Once I had an adjusted set-up, I felt confident in weaving my story through fictional characters. I wanted to use every detail that gripped me about the real event, notably the supernatural suggestions and elements—three large black birds, for example, seen by visitors to the Scottish island where the men vanished; and tales (some taller than others) of abduction and conspiracy. What interested me most was the psychology of the lighthouse keepers and what could be the long-term effects of quarantine and isolation. We are all learning to be lighthouse keepers, in a way, in this strange new world of 2021, and the disadvantages to mental health are very real.
Thinking about this essay had me remembering novels I’ve enjoyed based on or inspired by actual events. Does all fiction rely on historical episodes, to an extent? If not in the public eye then those drawn from the deep well of personal experience, of real people the author has seen or spoken to, of places she has visited? Recently, I read and admired Girl A by Abigail Dean, which reimagines through its female protagonist how life could go on after a desperate and horrifying upbringing. Dean drew inspiration from several real-life cases of captivity, escape and religious zealotry, and spun a completely original and captivating tale from it. Then there’s Lionel Shriver’s decade-defining We Need to Talk About Kevin, inspired by the appalling Columbine Massacre of 1999: Shriver reimagines events from a mother’s point of view, and in doing so offers not just a commentary on violence and indoctrination, but also a parent’s worst nightmare. Both authors relay with sensitivity and compassion what it might have been like to live through such a thing: when done well, readers can expect to be enlightened as well as entertained.

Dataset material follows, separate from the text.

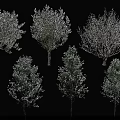 Various Arbor Tree Species With Diverse Foliage And Growth Forms For Landscaping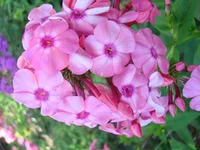 DSC07136.webp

Then there’s fiction that takes on centuries-old worlds. One of my favorite novels is Rose Tremain’s beautifully realized Music and Silence, which tells the story of lutenist Peter Claire, arriving in the court of King Christian IV of Denmark to find himself torn between service to the monarch and the woman he loves. The most remarkable fiction reveals that people don’t change, not really—not in the important ways—whether they’re living in 1600 or 2021. We all feel the same, hurt the same, fear the same, love the same, wherever we’re born and in whatever time. Perhaps this is the critical feature to keep in mind when retelling an historical event: that the incident itself might seem beyond reach, but the people who lived it are just like you and me.
When I was researching The Lamplighters, the questions I kept returning to were personal ones: how would it have felt to be a lighthouse keeper? How might I have fared being married to one, living in isolated coastal accommodation, with only the sea for company? Could I have endured the cruel limbo of missing a loved one, and how would I have mourned them, or let them go, or hoped for them still? Matters of the heart drive all fiction, whether based on actual events or not. The only distinction is one of good judgement and sympathy to those who went before us, so as not to stifle or distort their integrity. That’s the key to opening up the past.